David S.C. Chu, the undersecretary of defense for personnel and readiness,
famously declared of retiree and veteran benefits, "They are taking away from
the nation's ability to defend itself."
Pentagon chief Donald H. Rumsfeld told Congress that retiree care must change
"because it's an enormous amount of money." That prompted a riposte from Stephen
P. Condon, chairman of the Air Force Association.
"We appreciate that the administration is attempting to make the best out of a
tough fiscal situation," he said on Feb. 22, "but the budget must not be
balanced on the backs of veterans."
That shouldn't happen — but it might. The Bush administration's approach, as
laid out in the fiscal 2007 budget, would sharply raise Tricare enrollment fees
— doubling or tripling some — for retirees under age 65. This is supposed to
yield savings of $32 billion over 10 years, but it could anger affected retirees
and dependents.
"You're about to take your best recruiters and turn them into your worst
nightmare," Rep. Gene Taylor, D-Miss., warned senior defense officials at a
recent House Armed Services Committee session.
There are some 2.1 million military retirees and survivor-benefit recipients and
6 million to 8 million dependents. If the fee increases are imposed and many
retirees revolt, it will be because Washington lost sight of some important
truths:
* Paying for retiree care is not a favor, but an obligation. It is unfortunate
that costs have turned out to be so high, but that is not the fault of retirees.
* It is unseemly to declare (as many in the Pentagon do) that spending on
retiree care drains money away from vital weapons and threatens national
defense. That would be true only if the Bush administration accepted an
arbitrary ceiling on DOD spending. The remedy for a shortage of money for
validated needs is to obtain more money, which the U.S. could easily do. As
Condon pointed out, current defense spending consumes only 4 percent of the
nation's GDP, a burden that is low by historic U.S. standards.
* Brig. Gen. Elder Granger, a top DOD medical official, makes much of the fact
that retirees in 1995 paid 27 percent of their own medical costs and today pay
only 12 percent, largely because benefits have grown while fees have not
changed. Yet the promise was for "free" treatment. The problem is not that
retirees pay too little for care, but that they pay as much as they do.
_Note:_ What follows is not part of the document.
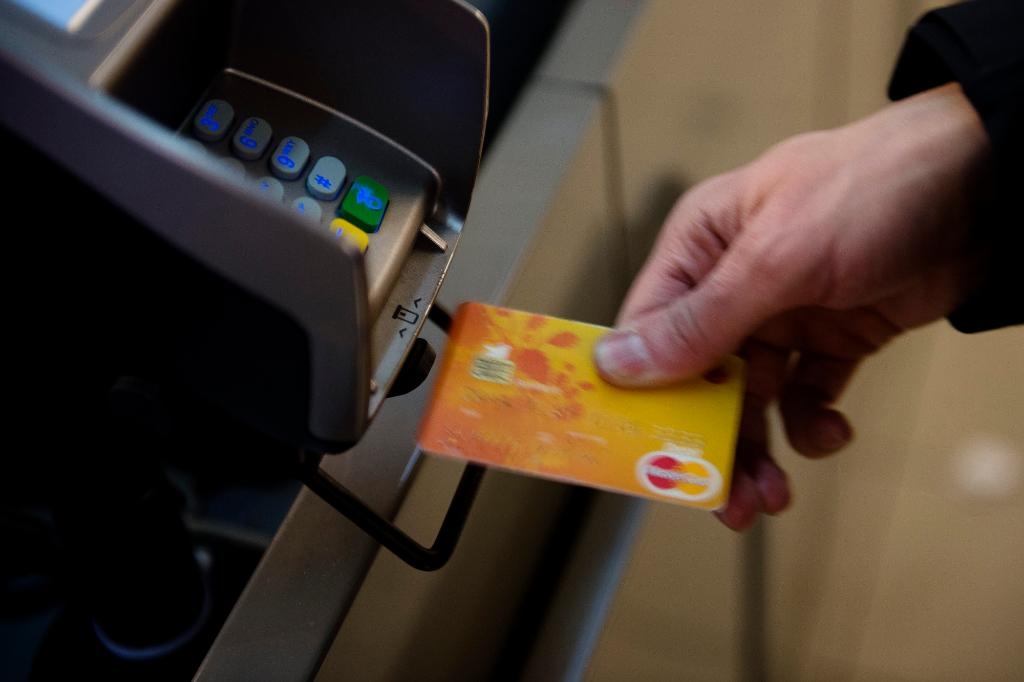 Det har varit svårt att betala med Mastercard kopplade till Swedbank sedan midnatt. Arkivbild.
(Vilhelm Stokstad / TT)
* Much of DOD's expenditure increase stems from Tricare For Life, the program
for 65-and-over retirees, but all of the new Tricare fee increases apply only to
younger beneficiaries, mostly in their 40s and 50s. Congress knew Tricare For
Life would be a high-cost program. It is not fair and equitable to finance the
program with fees extracted from under-65 retirees.
Let us
stipulate that Rumsfeld has a very tough job to do. However, it does no one any
good to pit retired military personnel who served honorably against those who
now wear the uniform.
In the past, lawmakers have rejected similar efforts. They should do so again.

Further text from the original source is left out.